A key finding: nearly every existing objfunc is a likelihood in disguise — sos = Gaussian with σ≡1, chi_sq = Gaussian × the data _SD column, sod = Laplace with b≡1, norm_sos/ave_norm_sos = Gaussian with a data-derived σ, kl = multinomial cross-entropy. The one genuinely non-statistical objective is direct_pass. It is the sole current member of the heuristic objective bucket, and it deserves a deliberate design rather than growth by accretion.

What direct_pass is today

DirectPassObjective (pybnf/objective.py) reads a single score cell from the simulated data and returns it as the objective, ignoring the experimental data (a dummy .exp file is still required by the config parser).

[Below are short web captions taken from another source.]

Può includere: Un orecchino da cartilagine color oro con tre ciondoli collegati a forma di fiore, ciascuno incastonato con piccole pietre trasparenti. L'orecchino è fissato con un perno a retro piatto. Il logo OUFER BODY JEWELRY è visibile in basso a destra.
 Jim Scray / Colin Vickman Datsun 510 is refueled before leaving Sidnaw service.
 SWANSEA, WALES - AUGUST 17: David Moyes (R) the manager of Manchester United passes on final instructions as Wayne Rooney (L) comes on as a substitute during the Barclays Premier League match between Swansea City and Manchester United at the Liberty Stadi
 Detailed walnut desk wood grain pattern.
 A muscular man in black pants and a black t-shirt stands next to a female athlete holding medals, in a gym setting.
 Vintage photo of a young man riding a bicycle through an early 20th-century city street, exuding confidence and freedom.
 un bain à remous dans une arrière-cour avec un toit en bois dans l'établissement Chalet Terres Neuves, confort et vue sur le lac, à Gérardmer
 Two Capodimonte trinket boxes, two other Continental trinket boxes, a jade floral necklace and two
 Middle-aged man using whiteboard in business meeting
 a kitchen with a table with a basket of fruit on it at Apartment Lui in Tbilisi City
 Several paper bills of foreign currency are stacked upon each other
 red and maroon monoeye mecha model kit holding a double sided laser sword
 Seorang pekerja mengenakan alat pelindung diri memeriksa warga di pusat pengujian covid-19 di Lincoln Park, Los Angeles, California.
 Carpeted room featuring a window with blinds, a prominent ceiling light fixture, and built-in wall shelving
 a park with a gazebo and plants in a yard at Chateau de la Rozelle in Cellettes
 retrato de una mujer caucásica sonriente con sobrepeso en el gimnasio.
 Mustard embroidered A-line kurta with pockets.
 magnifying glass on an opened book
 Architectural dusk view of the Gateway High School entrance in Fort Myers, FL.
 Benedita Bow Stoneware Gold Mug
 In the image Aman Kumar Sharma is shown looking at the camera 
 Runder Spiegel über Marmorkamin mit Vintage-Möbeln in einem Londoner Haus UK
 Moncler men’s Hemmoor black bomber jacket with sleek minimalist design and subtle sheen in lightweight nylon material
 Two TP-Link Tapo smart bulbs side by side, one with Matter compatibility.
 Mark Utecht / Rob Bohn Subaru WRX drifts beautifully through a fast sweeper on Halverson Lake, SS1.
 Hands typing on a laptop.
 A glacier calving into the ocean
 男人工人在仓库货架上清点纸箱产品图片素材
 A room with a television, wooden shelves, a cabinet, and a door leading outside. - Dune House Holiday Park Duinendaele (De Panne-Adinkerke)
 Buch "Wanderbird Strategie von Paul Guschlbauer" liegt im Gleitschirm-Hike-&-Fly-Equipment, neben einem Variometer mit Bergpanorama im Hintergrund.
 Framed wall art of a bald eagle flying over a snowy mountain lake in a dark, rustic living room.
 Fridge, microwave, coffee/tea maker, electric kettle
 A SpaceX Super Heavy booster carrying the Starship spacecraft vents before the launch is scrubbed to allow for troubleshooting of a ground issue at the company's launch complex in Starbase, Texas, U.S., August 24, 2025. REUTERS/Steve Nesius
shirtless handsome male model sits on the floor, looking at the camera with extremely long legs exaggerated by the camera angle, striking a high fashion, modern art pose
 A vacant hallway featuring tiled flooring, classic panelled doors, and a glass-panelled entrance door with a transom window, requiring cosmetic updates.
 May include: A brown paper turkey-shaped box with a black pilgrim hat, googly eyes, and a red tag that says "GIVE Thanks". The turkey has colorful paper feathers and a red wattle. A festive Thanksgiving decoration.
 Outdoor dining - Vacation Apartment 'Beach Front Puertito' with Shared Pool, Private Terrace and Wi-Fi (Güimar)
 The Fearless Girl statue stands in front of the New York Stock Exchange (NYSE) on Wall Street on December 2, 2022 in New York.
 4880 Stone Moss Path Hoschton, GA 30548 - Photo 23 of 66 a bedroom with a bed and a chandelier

It is the backbone of the analytical test tier: analytical_model.py computes a score with no external simulator, and direct_pass feeds that number straight to the optimizer/sampler (tests/integration_harness.py, test_optimizer_integration, test_sampler_integration).

Problems:

  • The name is opaque and leaks an implementation detail — a user has no idea what direct_pass means, and it should never be user-facing.
  • It is wired narrowly (a magic score column; a required dummy .exp), purely for internal/test use.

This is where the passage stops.